Hal itu diutarakan setelah kasus pernyataan mantan Ketua Olimpiade Tokyo, Yoshiro Mori, yang dinilai merendahkan wanita atau seksis. Ia menyebut menyebut bahwa pejabat perempuan terlalu banyak berbicara dalam setiap pertemuan pemerintah.

Pernyataan kontroversial itu dinilai merupakan salah satu contoh sentimen seksisme yang mengakar dalam budaya masyarakat Jepang. Mori akhirnya mengundurkan diri dari jabatan Ketua Olimpiade setelah pernyataannya menjadi sorotan publik dalam negeri dan internasional.

Partai Demokrat Liberal pun mengusulkan kebijakan baru yang memungkinkan lima anggota parlemen terlibat dalam pertemuan penting partai sebagai pengamat.

Sekretaris Jenderal Partai Demokrat Liberal, Toshihiro Nikai, juga mengaku bahwa selama ini cukup banyak mendengar kritik publik yang menganggap bahwa partainya sangat didominasi oleh politikus laki-laki.

Nikai lantas mengatakan bahwa penting bagi anggota perempuan untuk turut “melihat” proses pengambilan keputusan partai.
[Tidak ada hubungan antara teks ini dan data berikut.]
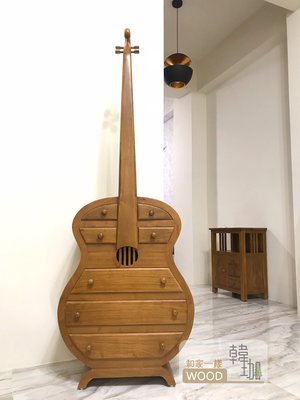 ［韓珈柚木wood] 柚木大提琴  高約190公分柚木裝飾提琴 柚木擺飾品 柚木裝飾品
“Penting bagi anggota perempuan partai memahami sepenuhnya diskusi apa yang sedang terjadi dan melihat tentang apa itu,” kata Nikai dalam jumpa pers pada Selasa (16/2) malam.

Meski anggota partai perempuan hadir dalam rapat, mereka tidak dapat berbicara selama pertemuan. Surat kabar Nikkei melaporkan bahwa para anggota partai perempuan baru bisa menyampaikan pendapat secara terpisah ke kantor sekretariat partai.

Berdasarkan Indeks Kesenjangan Gender Global 2020 World Economic Forum, Jepang memang berada di peringkat 121 dari 153 negara terkait partisipasi perempuan dalam ekonomi dan politik negara.

Selama ini, jumlah politikus dan pejabat perempuan memang cenderung meningkat namun peran mereka masih kecil. Tak jarang, beberapa aturan pemerintahan mewajibkan pejabat perempuan untuk tetap diam dalam pertemuan pemerintah. Hal itu telah lama menuai kritik di media sosial.

Dikutip Reuters, sekelompok anggota parlemen Partai Demokrat Liberal meminta Nikai menambah jumlah perempuan untuk memegang posisi kunci partai pada pekan ini.

Namun, beberapa pengamat menuturkan bahwa keterlibatan perempuan dalam politik hanya sebagai bentuk kebutuhan pencitraan saja.

“Orang-orang hanya akan menempatkan wanita sebagai sebuah Public Relation exercise saja,” kata seorang sosiolog budaya Universitas Waikato, Selandia Baru, Belinda Wheaton.

“Saya pikir ini saatnya mengajukan pertanyaan mengapa kita menganggap bahwa pria 70-80 tahunan mampu melakukan tugas yang lebih baik dibandingkan pria berusia 40-50 tahunan atau wanita,” kata dia.